Measures of central tendency and dispersion for kinematics. Options are "median_mad" (default) and "mean_sd".

Value

A summarised data frame with one row per group.

See Also

summarise_kinematics(), summarise_tortuosity()


Summarize keypoint data

Description

Creates summary statistics across multiple keypoints at each time point. Currently supports computing centroids from selected keypoints. Future functionality will include polygonal summaries.

Usage

summarise_keypoints(
  data,
  keypoints = "all",
  name = "centroid",
  add_area = FALSE
)

Arguments

data

An aniframe containing keypoint data.

keypoints

Character vector of keypoint names to summarize, or "all" to use all keypoints in the data. Default is "all".

name

Character string for the name of the new summary keypoint. Default is "centroid".

add_area

Logical indicating whether to compute area (not yet implemented). Default is FALSE.

Value

An aniframe with the original data plus the new summary keypoint.


Calculate kinematic summary statistics

Description

Calculate central tendency and dispersion for translational and rotational kinematics.

Usage

summarise_kinematics(
  data,
  measures = c("median_mad", "mean_sd"),
  .check = TRUE
)

summarize_kinematics(
  data,
  measures = c("median_mad", "mean_sd"),
  .check = TRUE
)

Arguments

data

A kinematics aniframe (output of calculate_kinematics())

measures

Measures of central tendency and dispersion for kinematics. Options are "median_mad" (default) and "mean_sd".

.check

Whether to validate input. Set to FALSE when called from summarise_aniframe() to avoid redundant checks.

Value

A summarised data frame with one row per group containing central tendency and dispersion measures (prefixed with median_/mad_ or mean_/sd_)

  • Speed, acceleration

  • Angular speed, velocity, acceleration (2D only)

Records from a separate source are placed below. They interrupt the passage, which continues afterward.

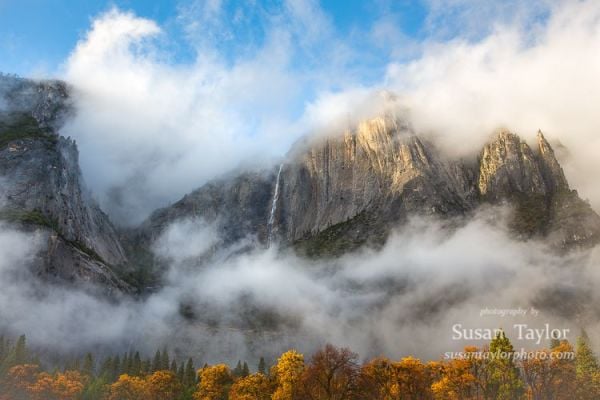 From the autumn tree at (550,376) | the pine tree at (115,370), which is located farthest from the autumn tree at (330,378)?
the pine tree at (115,370)

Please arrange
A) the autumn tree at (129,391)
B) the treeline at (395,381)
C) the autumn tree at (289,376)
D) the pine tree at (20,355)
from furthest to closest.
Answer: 1. the pine tree at (20,355)
2. the autumn tree at (129,391)
3. the autumn tree at (289,376)
4. the treeline at (395,381)

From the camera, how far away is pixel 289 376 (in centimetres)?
9700

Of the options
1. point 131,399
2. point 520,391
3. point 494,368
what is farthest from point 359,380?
point 131,399

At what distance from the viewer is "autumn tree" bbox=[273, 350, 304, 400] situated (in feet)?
307

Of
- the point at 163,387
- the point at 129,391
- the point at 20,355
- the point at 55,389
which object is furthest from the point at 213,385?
the point at 20,355

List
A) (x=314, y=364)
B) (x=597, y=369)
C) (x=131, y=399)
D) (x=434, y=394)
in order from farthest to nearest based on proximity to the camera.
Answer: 1. (x=131, y=399)
2. (x=597, y=369)
3. (x=434, y=394)
4. (x=314, y=364)

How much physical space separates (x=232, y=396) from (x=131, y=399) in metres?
31.0

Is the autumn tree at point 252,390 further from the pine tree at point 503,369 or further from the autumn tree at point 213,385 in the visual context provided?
the pine tree at point 503,369

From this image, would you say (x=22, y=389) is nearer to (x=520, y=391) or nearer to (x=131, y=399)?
(x=131, y=399)

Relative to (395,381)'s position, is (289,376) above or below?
above

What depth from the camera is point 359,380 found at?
89625 millimetres

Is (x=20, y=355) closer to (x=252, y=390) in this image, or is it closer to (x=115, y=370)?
(x=115, y=370)

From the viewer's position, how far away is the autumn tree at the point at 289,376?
93.5 metres

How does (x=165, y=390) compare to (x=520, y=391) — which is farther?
(x=165, y=390) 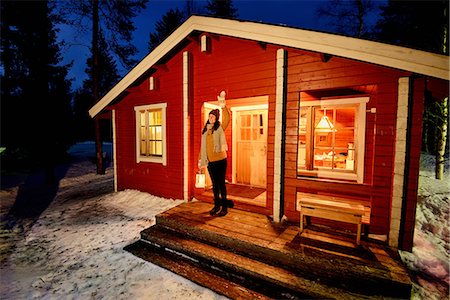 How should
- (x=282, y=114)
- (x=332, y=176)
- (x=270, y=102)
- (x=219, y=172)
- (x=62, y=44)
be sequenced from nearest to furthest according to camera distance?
(x=282, y=114)
(x=219, y=172)
(x=270, y=102)
(x=332, y=176)
(x=62, y=44)

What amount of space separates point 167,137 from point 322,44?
4.76 meters

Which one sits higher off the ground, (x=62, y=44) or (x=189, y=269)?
(x=62, y=44)

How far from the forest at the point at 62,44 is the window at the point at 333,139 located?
5.24m

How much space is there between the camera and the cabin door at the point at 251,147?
268 inches

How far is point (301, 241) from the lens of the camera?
3.65 m

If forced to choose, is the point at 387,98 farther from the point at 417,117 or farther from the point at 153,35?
the point at 153,35

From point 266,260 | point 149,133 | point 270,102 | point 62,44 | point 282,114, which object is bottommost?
point 266,260

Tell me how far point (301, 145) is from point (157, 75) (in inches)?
198

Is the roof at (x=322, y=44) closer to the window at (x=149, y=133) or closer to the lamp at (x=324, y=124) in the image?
the window at (x=149, y=133)

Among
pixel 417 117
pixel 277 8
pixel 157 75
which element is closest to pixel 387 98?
pixel 417 117

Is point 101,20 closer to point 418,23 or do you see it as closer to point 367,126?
point 367,126

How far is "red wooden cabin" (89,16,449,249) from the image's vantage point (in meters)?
3.58

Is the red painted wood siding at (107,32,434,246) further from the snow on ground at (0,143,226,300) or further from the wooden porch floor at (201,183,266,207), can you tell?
the snow on ground at (0,143,226,300)

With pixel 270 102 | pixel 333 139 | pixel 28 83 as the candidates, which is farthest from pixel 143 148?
pixel 28 83
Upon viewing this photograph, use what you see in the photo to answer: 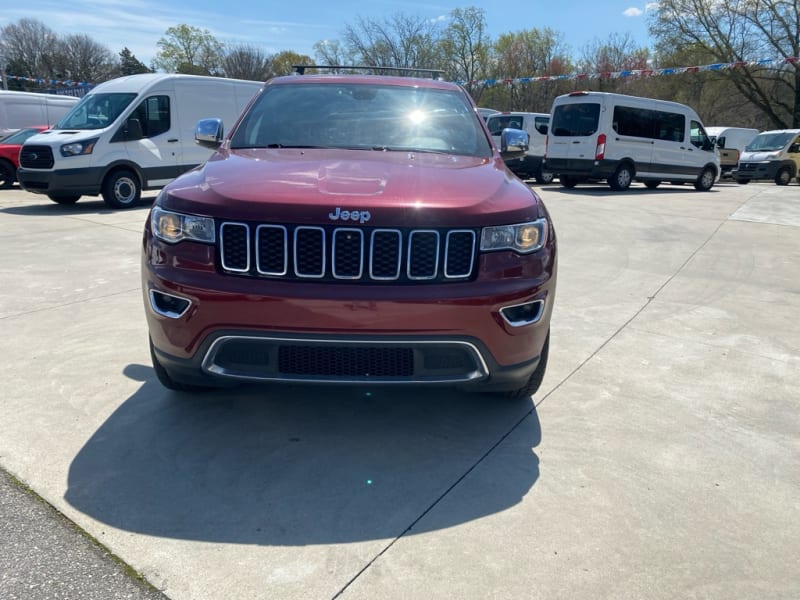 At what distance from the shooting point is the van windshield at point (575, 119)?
14.7 meters

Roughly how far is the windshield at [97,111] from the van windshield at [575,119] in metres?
9.89

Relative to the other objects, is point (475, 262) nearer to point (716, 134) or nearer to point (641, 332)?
point (641, 332)

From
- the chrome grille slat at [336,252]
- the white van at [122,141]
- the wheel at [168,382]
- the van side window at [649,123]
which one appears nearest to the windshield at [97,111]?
the white van at [122,141]

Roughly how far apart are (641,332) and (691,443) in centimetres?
167

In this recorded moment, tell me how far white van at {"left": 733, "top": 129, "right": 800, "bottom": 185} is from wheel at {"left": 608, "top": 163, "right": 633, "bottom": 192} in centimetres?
863

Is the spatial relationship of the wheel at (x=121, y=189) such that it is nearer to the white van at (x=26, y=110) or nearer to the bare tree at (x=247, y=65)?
the white van at (x=26, y=110)

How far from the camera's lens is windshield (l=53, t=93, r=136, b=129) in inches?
409

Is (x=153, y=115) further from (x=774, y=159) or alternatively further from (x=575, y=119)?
(x=774, y=159)

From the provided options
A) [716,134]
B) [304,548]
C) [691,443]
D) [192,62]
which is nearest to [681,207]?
[691,443]

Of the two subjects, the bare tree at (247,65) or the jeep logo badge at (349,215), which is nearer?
the jeep logo badge at (349,215)

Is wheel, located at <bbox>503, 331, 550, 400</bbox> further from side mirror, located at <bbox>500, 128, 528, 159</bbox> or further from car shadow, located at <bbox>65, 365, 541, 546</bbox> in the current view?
side mirror, located at <bbox>500, 128, 528, 159</bbox>

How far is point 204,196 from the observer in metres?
2.48

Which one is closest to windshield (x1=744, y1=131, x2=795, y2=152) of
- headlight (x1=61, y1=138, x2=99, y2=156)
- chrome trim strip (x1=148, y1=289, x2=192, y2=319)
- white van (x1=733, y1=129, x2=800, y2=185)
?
white van (x1=733, y1=129, x2=800, y2=185)

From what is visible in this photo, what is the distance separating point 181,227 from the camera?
2473mm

  • Heading (2D only, using circular statistics)


Calculate tortuosity summary statistics

Description

Calculate path length, displacement, and tortuosity metrics.

Usage

summarise_tortuosity(data)

summarize_tortuosity(data)

Arguments

data

A kinematics aniframe (output of calculate_kinematics())

Value

A summarised data frame with one row per group containing:

  • total_path_length: Total distance traveled

  • total_angular_path_length: Total angular distance (2D only)

Tortuosity metrics:

  • net_displacement: Straight-line distance from start to end

  • straightness: Ratio of net displacement to path length (0-1)

  • sinuosity: Corrected sinuosity index (Benhamou 2004)

  • emax: Maximum expected displacement (dimensionless)

References

Benhamou, S. (2004). How to reliably estimate the tortuosity of an animal's path. Journal of Theoretical Biology, 229(2), 209-220.